:: GIVEN DATA ::

--- START ---

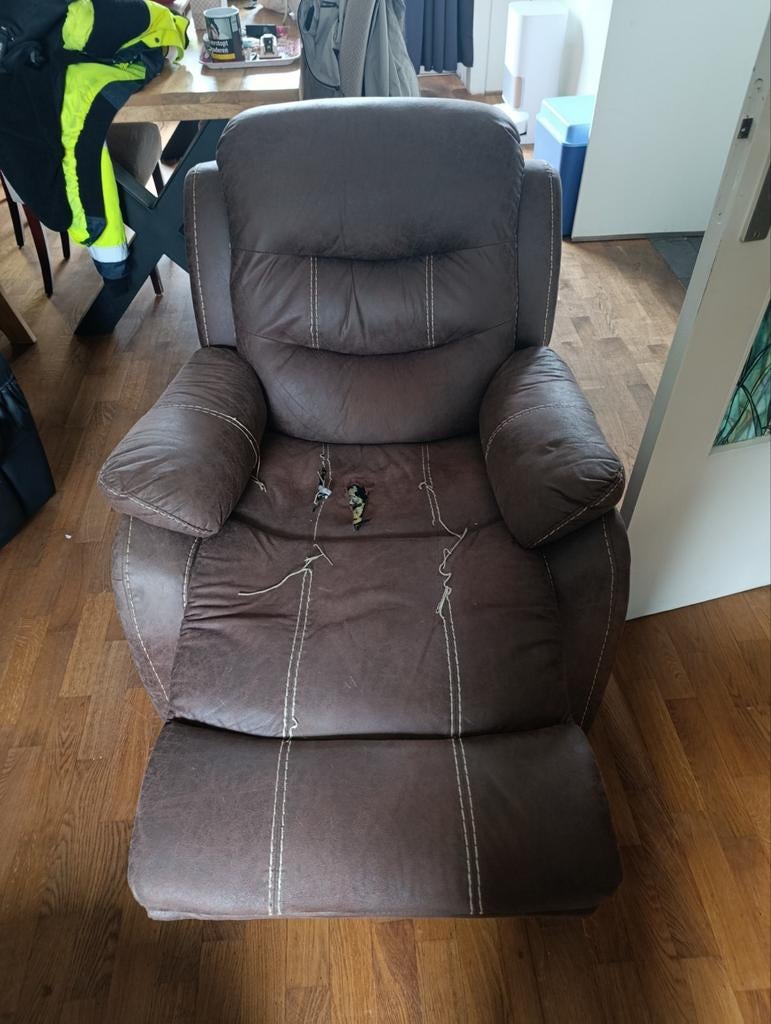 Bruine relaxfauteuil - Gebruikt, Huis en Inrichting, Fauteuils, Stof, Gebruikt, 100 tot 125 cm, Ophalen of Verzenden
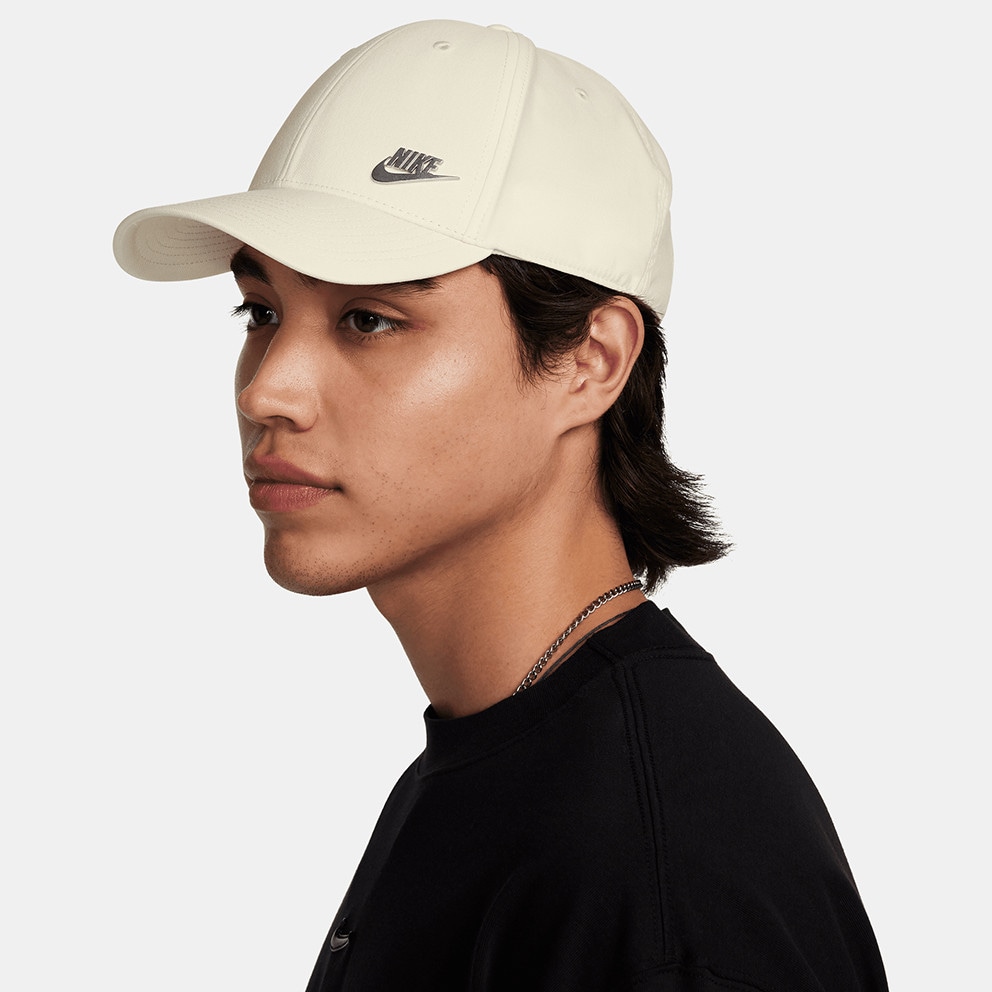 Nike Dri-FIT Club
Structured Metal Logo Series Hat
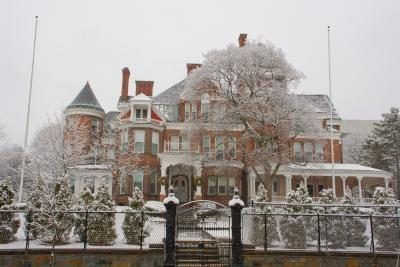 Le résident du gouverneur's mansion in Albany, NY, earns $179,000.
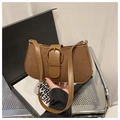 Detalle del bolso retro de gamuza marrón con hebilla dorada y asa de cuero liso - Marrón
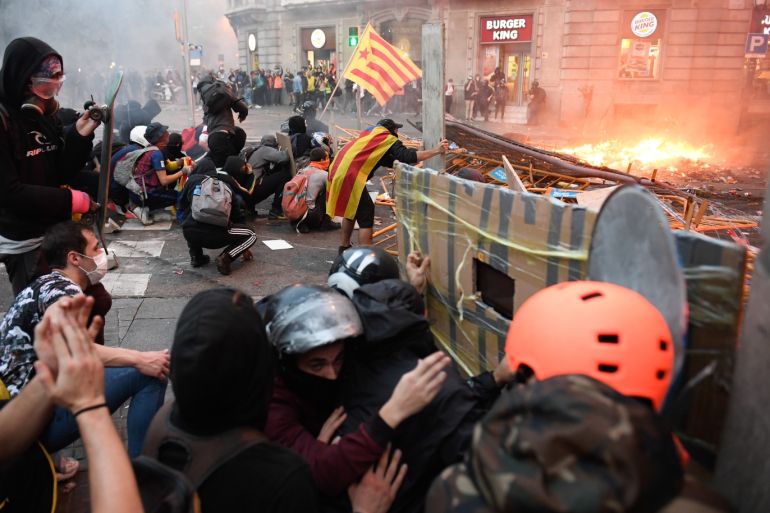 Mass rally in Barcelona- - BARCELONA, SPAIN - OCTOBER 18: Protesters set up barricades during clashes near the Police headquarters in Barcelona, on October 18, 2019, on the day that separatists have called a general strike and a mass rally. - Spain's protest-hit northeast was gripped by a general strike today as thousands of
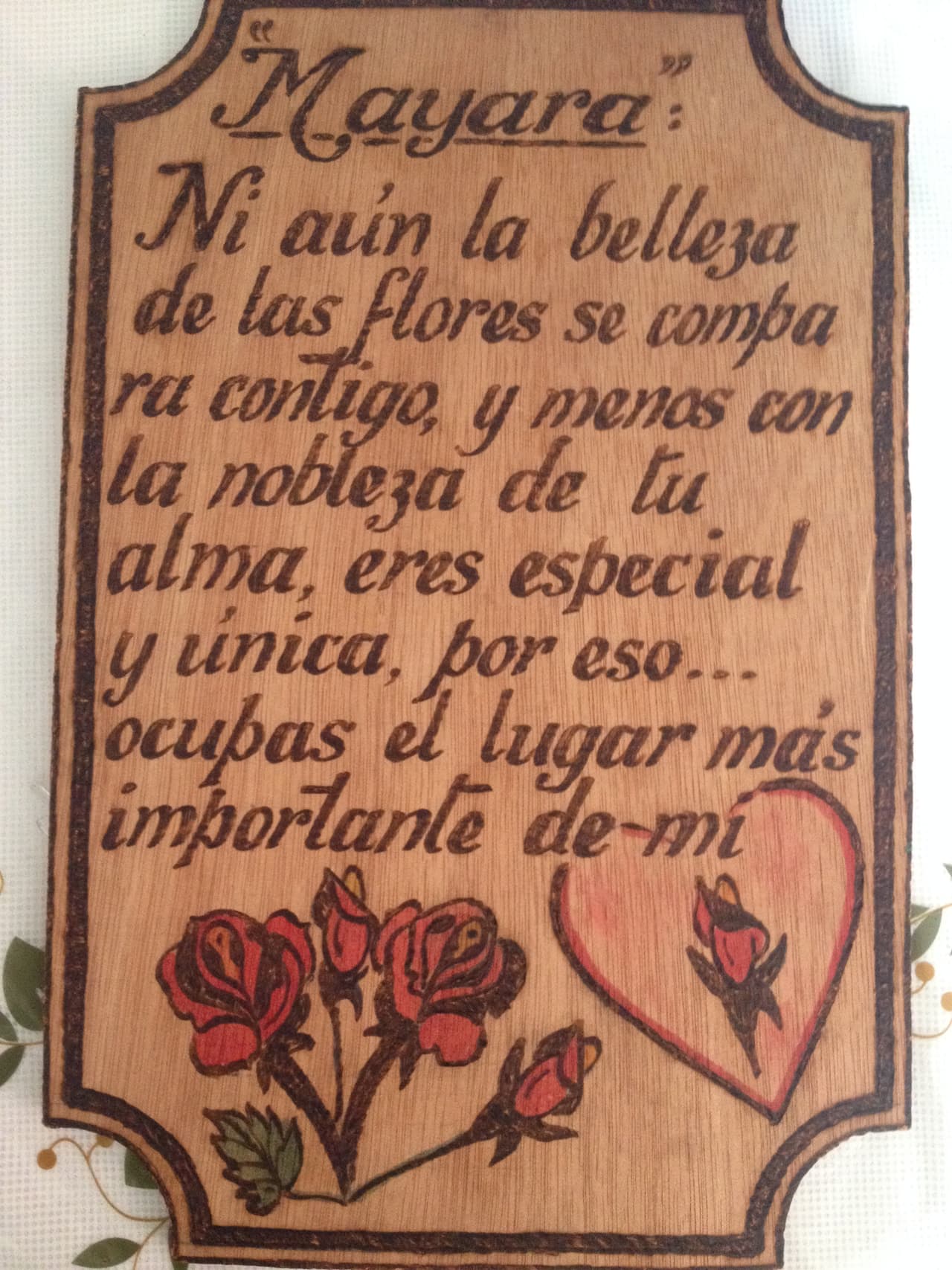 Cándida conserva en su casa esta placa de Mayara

--- END ---
--- START ---

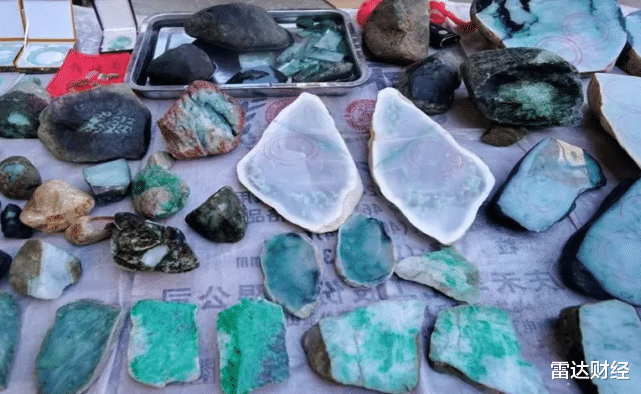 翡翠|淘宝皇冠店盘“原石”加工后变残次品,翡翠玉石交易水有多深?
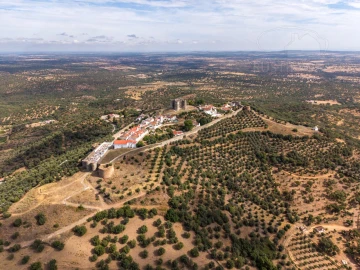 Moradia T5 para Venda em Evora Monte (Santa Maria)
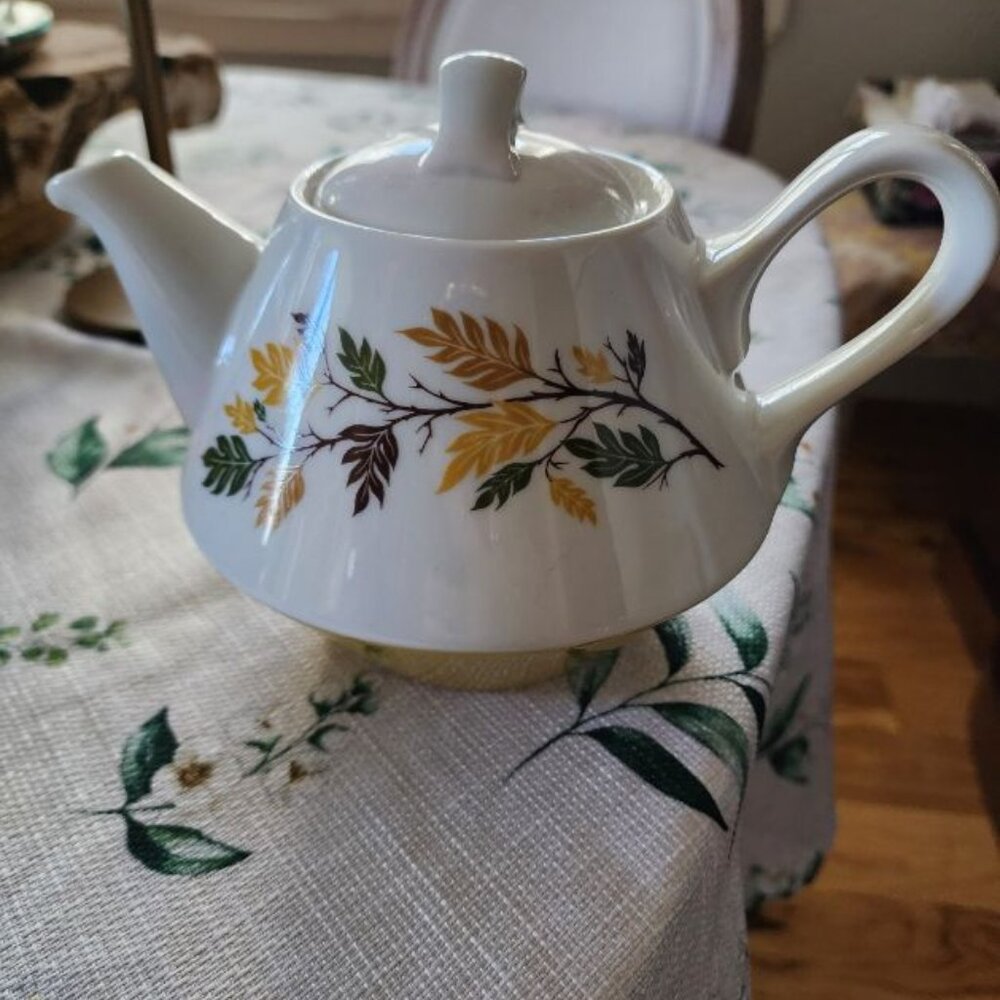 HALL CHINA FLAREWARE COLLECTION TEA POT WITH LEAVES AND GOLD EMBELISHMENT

--- END ---

:: WHAT IS REQUIRED ::
From the records above, return exactly the lines running from the one that contains "Bruine relaxfauteuil - Gebruikt, Huis" down to the one that contains "Detalle del bolso", both included, without any pictures.

:: EXERCISE SOLUTION ::
 Bruine relaxfauteuil - Gebruikt, Huis en Inrichting, Fauteuils, Stof, Gebruikt, 100 tot 125 cm, Ophalen of Verzenden
 Nike Dri-FIT Club
Structured Metal Logo Series Hat
 Le résident du gouverneur's mansion in Albany, NY, earns $179,000.
 Detalle del bolso retro de gamuza marrón con hebilla dorada y asa de cuero liso - Marrón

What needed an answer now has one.